April 24th, 2011


M is for Magic by Neil Gaiman -- The Mike with the Golden Gun

M is for Magic is a young adultish set of short stories self-consciously titled in the vein of Bradbury's R is for Rocket. As always, Gaiman is a story-teller's storyteller, taking fun liberties with fairy tales and other well-worn tropes, like the English gentlemen's club story. I'm a sucker for a tale from the White Hart, or to hear what a few small whiskeys will inspire Jorkens to impart, so I'd say my favorites in this collection are the story from the Lost Carnadine Rogues' Club - "How to Sell the Ponti Bridge" and the story of the Epicurean Club - "Sunbird", which is not so much a club story as it is a story in the vein of RA Lafferty's tales of Aloysius Shiplap & Co.

Match o Matic lighter - National Silver Company

Picked up this Match-o-Matic lighter at the Torrance Antique Fair. It has a nice Scaramanga look to it, so I'm set for the next (if ever) swingin' 60's Spy LARP.

De Tribus Impostoribus, by any of three or four dozen people

Since this book did not exist, it was necessary to create it.

De Tribus Impostoribus (aka The Three Impostors (but not The Three Impostors, which is one of Machen's best works (and as long as I'm nesting parentheticals, I'll note that a pet peeve of mine is the misspelling 'imposter' which shows up all too frequently even in newspapers (I mean, no one would write 'mayer' or 'tracter' and say 'oh, that's just how we do it in English now'))))

Anyway. The three impostors of the title are Moses, Jesus, and Muhammad. The work was long considered a near-fabulous work like the Necronomicon... a forbidden book that rejected revealed religion and exposed the impostors as impostors. Seriously, Pope Gregory IX ascribed the work to Holy Roman Emperor Frederick II, in twelve-freaking-thirty-nine. The book may have existed then, it may have come into existence in 1598, or 1716, or 1753, or 1904, or last Wednesday. The book I read is of last Wednesday vintage, but is a photocopy of the 1904 edition published in the US under the name Alcofribas Nasier (aka the pseudonymous anagram that Rabelais used to publish Pantagruel (but actually apparently one Samuel Briggs of Cleveland, OH). The text starts with an introduction that quickly namechecks the Ancient Accepted Scottish Rite, making the whole thing sound like some sort of Masonic prank. However, since I first ran across a reference in a work about the founding fathers... oh snap, they were all masons, too.

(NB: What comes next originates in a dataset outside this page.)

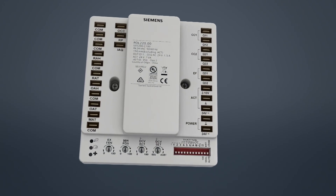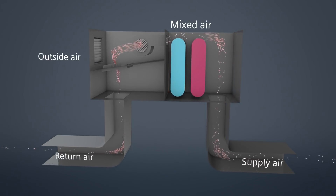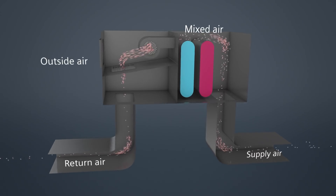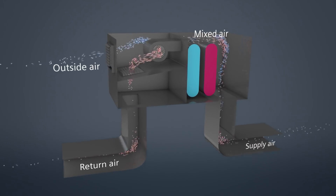Use the Siemens Economizer Controller. Based on outside conditions and pre-programmed settings, the Economizer Controller monitors inside and outside air temperatures and opens the outside air damper to bring in cool air.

Anyway. Although there is an interesting 'presentation' written by Frederick II to Otho, and a couple other details of the sort, very little of it reads as though it were written in the 1200's, even if it filtered through several translators and languages in the meantime. It smacks much more of Enlightenment deism, but really is such a strange sui generis sort of thing. Some of the arguments against revealed religion are old and tired, while others are strange and new. Hardly a Necronomicon that will corrupt your mind (well, maybe it is, but my mind is already corrupted) but still a really peculiar thing.

Yes, I pushed a bit to get this read by Easter. So sue me.